ANCONA - Il giovane è stato trovato privo di sensi in via della Ferrovia. Sul posto la Croce Gialla, 118, Vigili del fuoco e polizia

I Vigili del fuoco durante un intervento (Archivio)

«C’è un cadavere lungo il canale di scolo nel fossato di via della Ferrovia».
E’ stato questo il tono delle numerose chiamate giunte nel pomeriggio, intorno alle 17.30, al numero unico di emergenza 112.

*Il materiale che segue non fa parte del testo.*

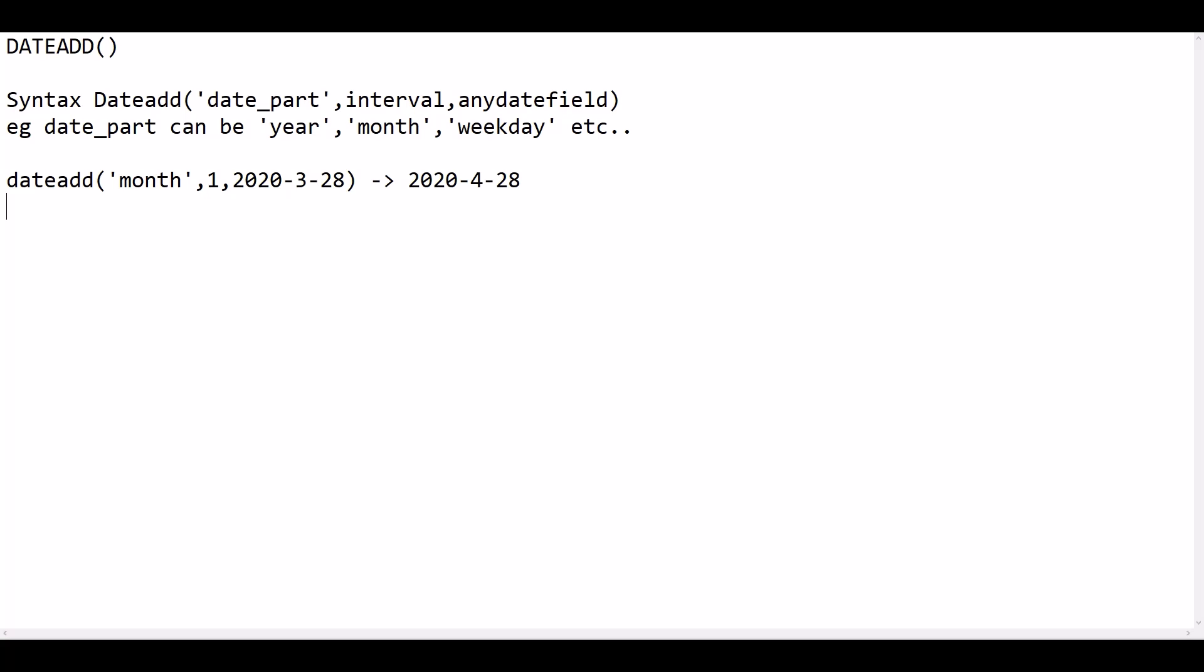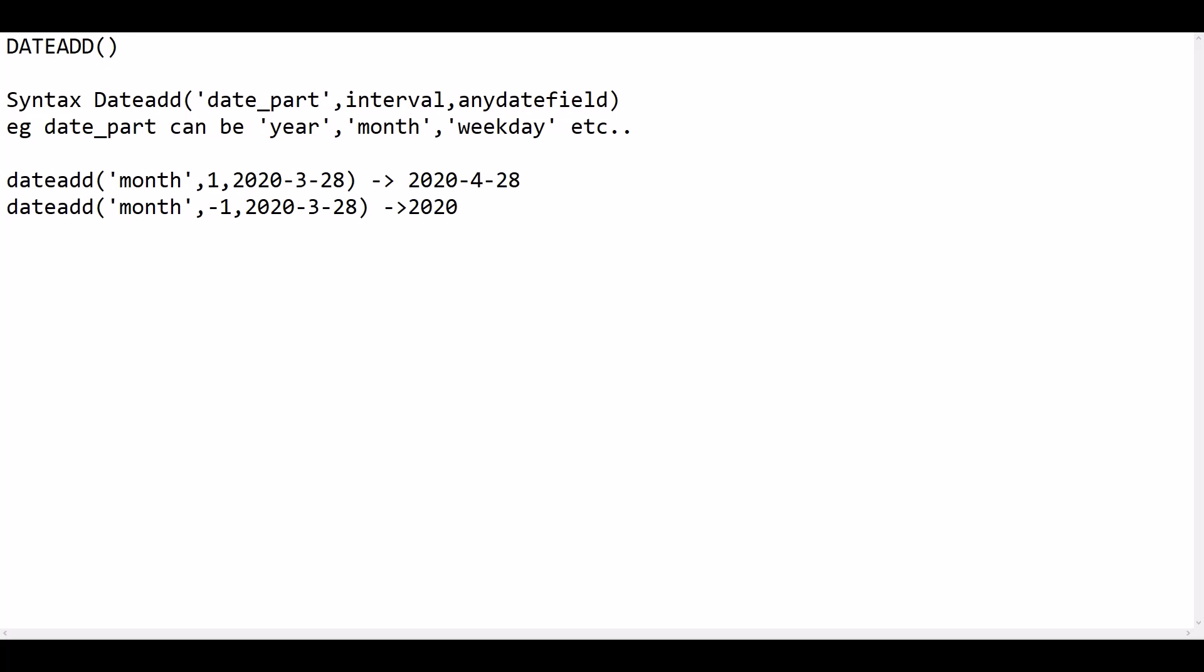So there is no specific function to subtract a specific time period from the given date. You can make use of this function by adding an interval of negative number. So minus one here will give 2020-2-28. So it actually returns 2020-2-28.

Sul posto, all’altezza tra via Pelliccia e via della Ferrovia, sono arrivate in sirena l’ambulanza della Croce Gialla, l’automedica del 118, le Volanti della questura e i Vigili del fuoco.
I soccorritori, giunti sul luogo, hanno subito notato la figura di una persona distesa a terra e priva di sensi, finita nella vegetazione.
Immediatamente i pompieri si sono fatti strada seguiti dal personale sanitario.
Una volta raggiunta la persona, un romeno di 30 anni, a far capire che il giovane non era morto è stato il forte odore di alcol che emanava.
Non appena i soccorritori sono riusciti a fargli riprendere i sensi, il 30enne ha raccontato che aveva bevuto una bottiglia di rum e poi, stanco della camminata che si stava facendo, era finito nel fosso dove si era addormentato.